Marcella Romeo, University of Palermo, Italy

Introduction

Focusing on writing as a site capable of fragmenting the stereotypes of thought, this survey outlines the post(-)colonial as a coercive category whose discoursive proliferation keeps denying once-colonised peoples the construction of autonomous economic and socio-cultural spaces. Far from espousing the increasing convergence between post(-)colonial and trans-cultural theories, it reinforces a kind of interrogation that, while enhancing those areas in which polyphonic and intertwined identities are historically stratified, coexist and juxtapose each other. It also accounts for a proper reading of the inner nature of the colonial relationship.

"Writing weaves into language the complex relations of a subject caught between the problems of race and gender and the practice of literature as the very place where social alienation is thwarted differently according to each specific context". -- Trin T Minh-ha (1989: 43)

Intended as the space where language, taking on a life of its own, becomes an objectivity, literature enacts discoursive trajectories where the writer finds herself/himself subjected to an alien logic, and writing, as Minh-ha specifies, "proceeds by scrutinising itself and by constantly undoing the previous contextual meanings arrived at" (1996: 6). As a counter-memory, thus, literary production can be conceived of as a cluster of experienced "transformations." This analysis examines these transformations within their local historical framework.

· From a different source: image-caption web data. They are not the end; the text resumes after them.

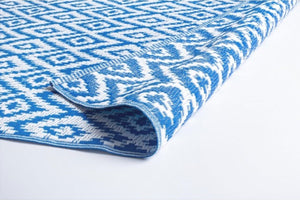 Tappeto Salotto Double Face Esterno Interno Impermeabile Antiscivolo Blu a Rombi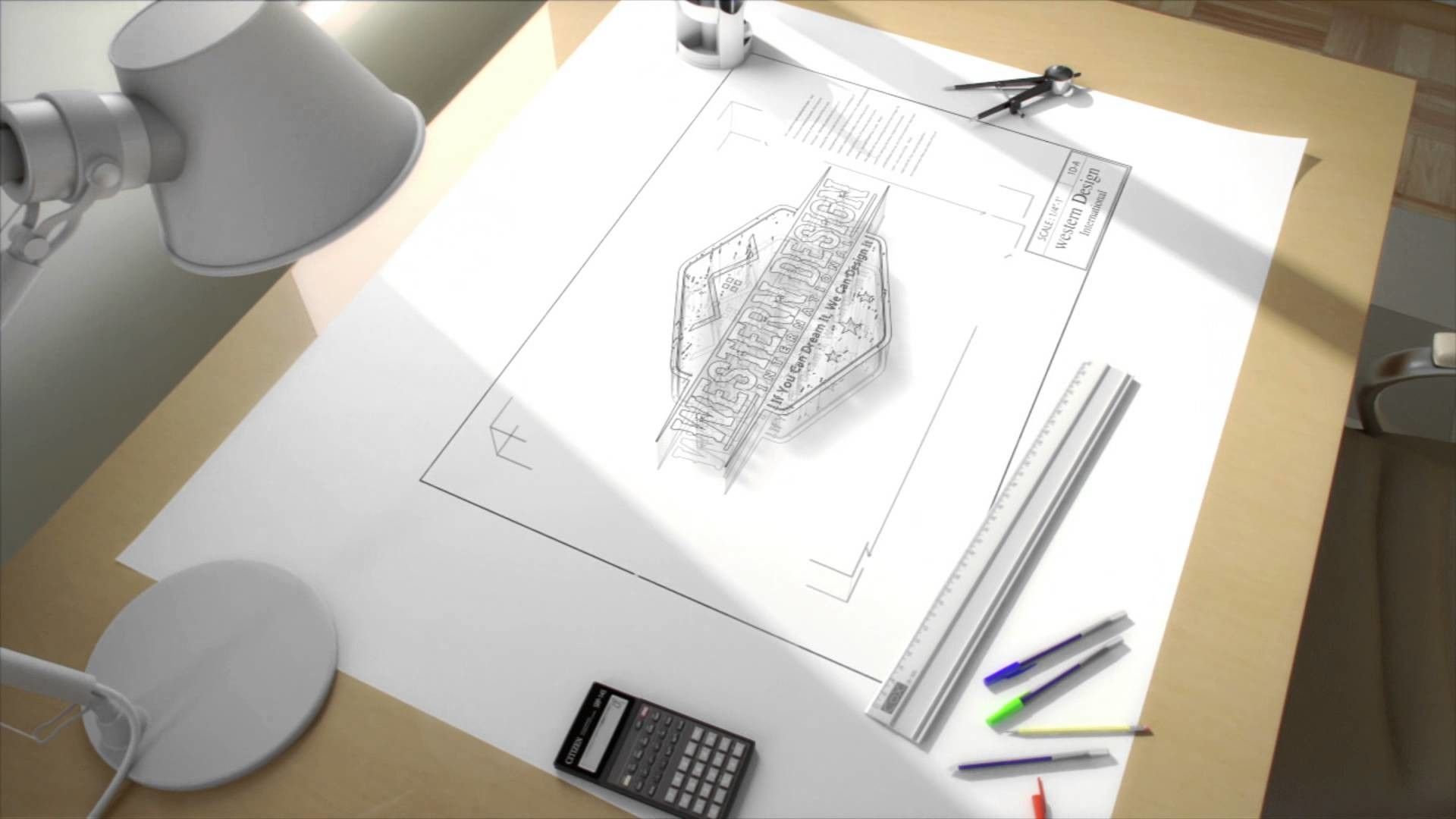 Disegno tecnico architettonico su scrivania, 1920x1080 Full HD, Desktop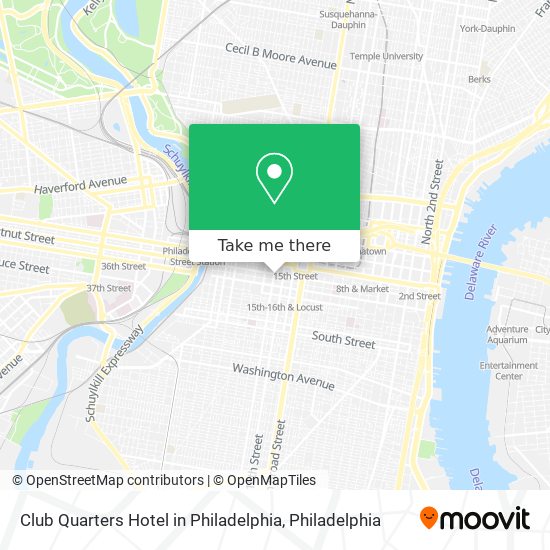 Club Quarters Hotel in Philadelphia map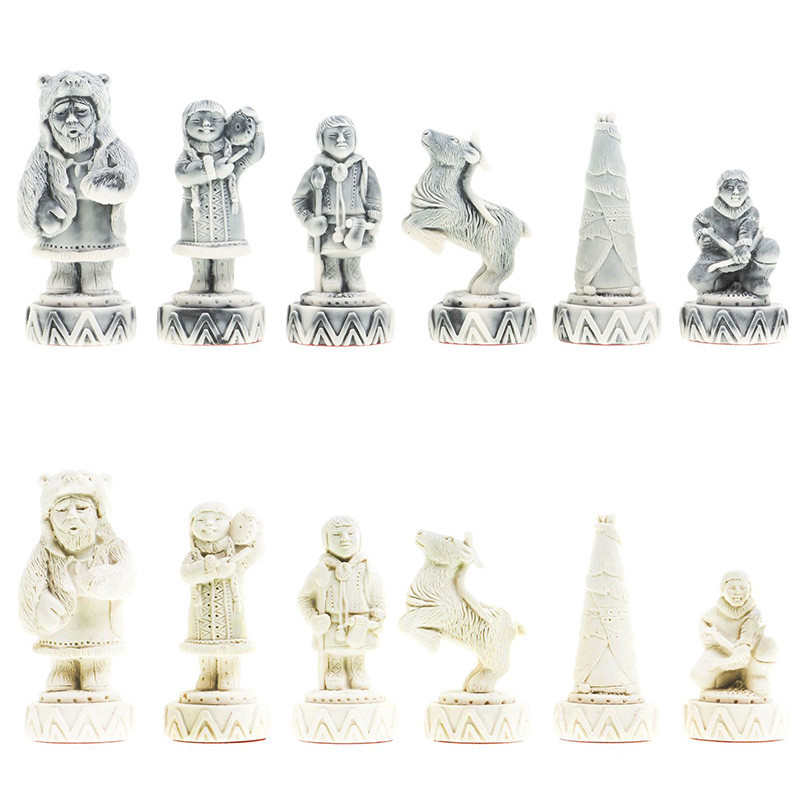 Шахматы Северные народы в ларце из натурального бука Decorative Thematic Chess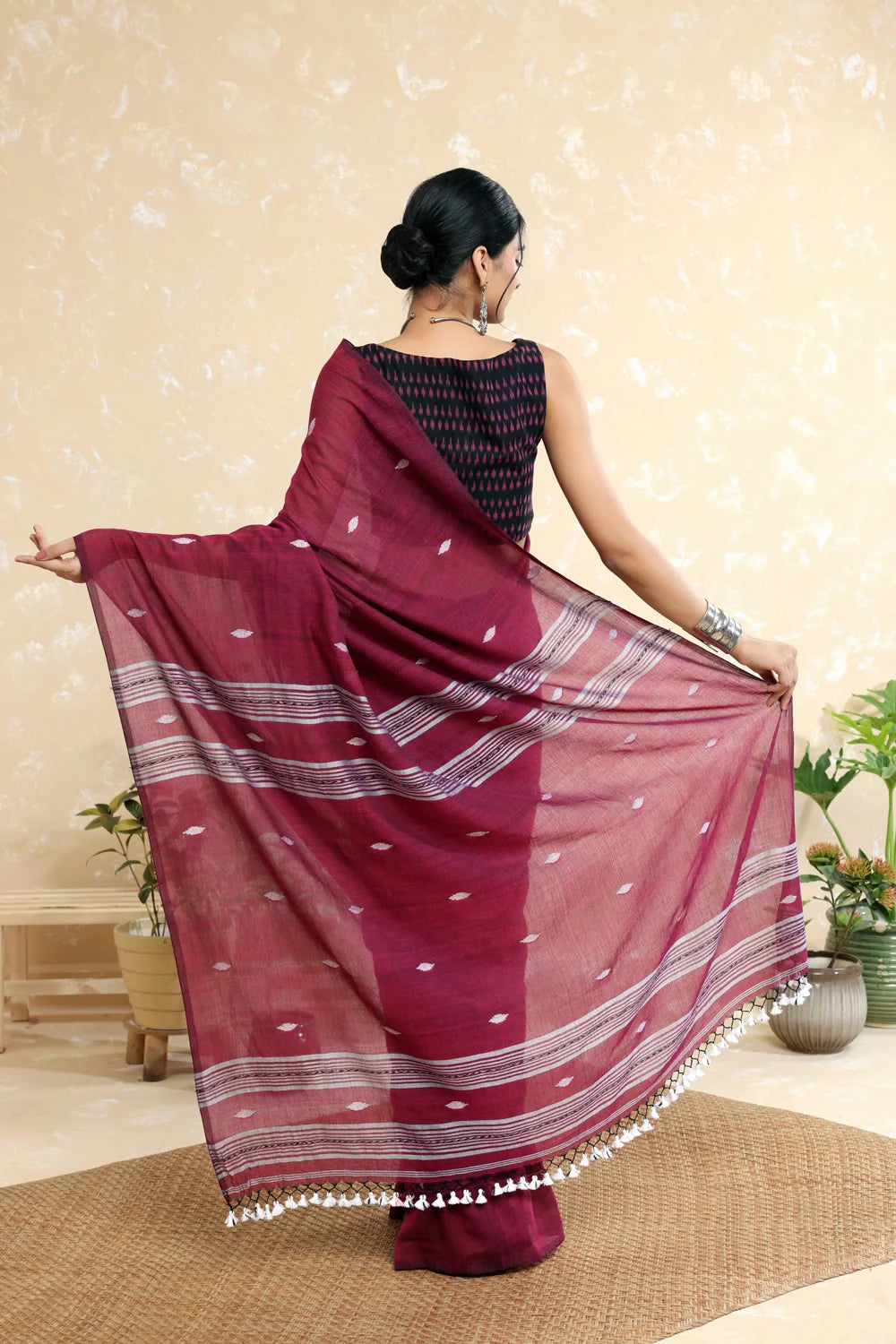 Handloom Wine  Mulmul Saree with Tassels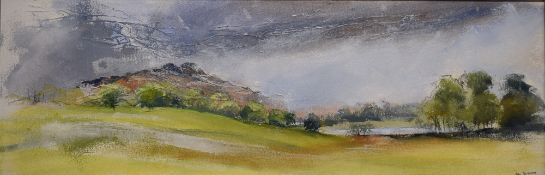 *Local Interet* Joy Grindrod (Contemporary) Oil and mixed media on canvas 'Under Loughrigg',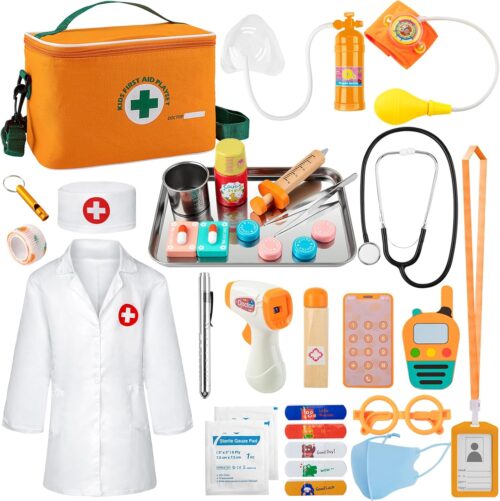Doctor Kit for Kids, 34 Pcs Kids Doctor Playset kit for Toddlers 3-5 with Medical Storage Bag & Real Stethoscope, for Boys and Girls Fun Role Playing Game, Doctor Play for Kids Toddlers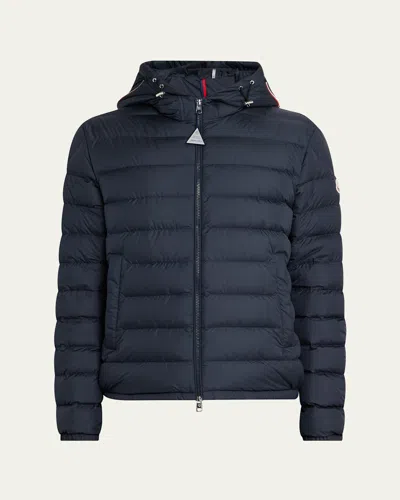 Moncler Men's Quilted Full-zip Hooded Jacket In Blue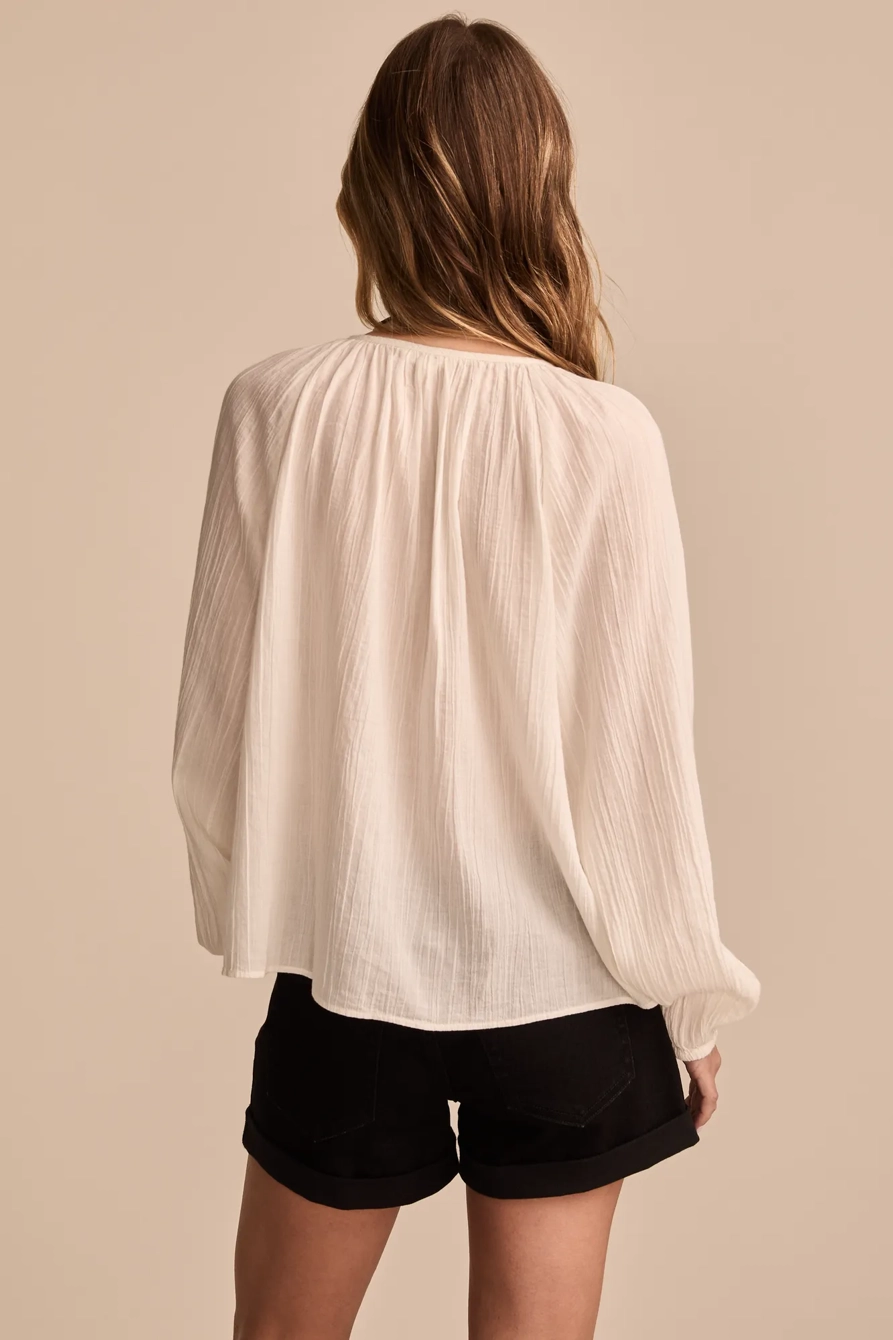 RUFFLE TUXEDO BLOUSE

In a historical moment of cultural de-differentiation, however, literature is overpowered by processes of homogenisation that risks flattenening it out under the catching-all global paradigm. Cultural dissonances are becoming part of an anachronistic and conservative lexicon; while emphasising discourses on globalisation and hybridisation of writing and language magnifies heterogeneous and heterogenising interpretative categories of literary writing. These categories in turn serve as a metaphor for the supposedly inherent nomadism of contemporary reality that guard against any forms of provincialism. And yet, the literary space, which by definition dislocates the centre of discussion, remains a site and an agent of transition, a complex instance of situationally negotiated text that may produce oppositionality being simultaneously responsive to it. A system of relationships accounting for self-enactment, proper metaphor of the contemporary non-unitary subjectivity, and, if not encysted in homologating cultural contexts, agent of freedom capable of acting against the suppression of the local and the effacement of difference. In contexts where, as Ngugi wa Thiongo powerfully observes, "language and literature were taking us further and further from ourselves to other selves, from our world to other worlds [], separating the mind from the body" (1996: 81), the principle of the return to self unfolds primarily as a retrieval of the harmony between the self and its contexts, conceived of as a tool functional to disrupt the imposed models in order to envisage unforced and creative cultural versions. The achievement of a quintessentially equal situation between the hegemoniser and the hegemonised, thus, emerges as an essential precondition to actively open the self to the other, to construct what Arasanayagam describes as "a self-created firmament" (1991: 86), through the formula of self-awareness as an individualistic and social practice, given the reciprocal casual relationship engaging the two aspects. As a matter of fact, self-reinvention and constitutive and constituted socio-cultural sites coincide, and it is not by accident that social space, which is simultaneously characterised and characterising represents a crucial aspect in the construction of the contemporary self particularly when forced dislocations occur.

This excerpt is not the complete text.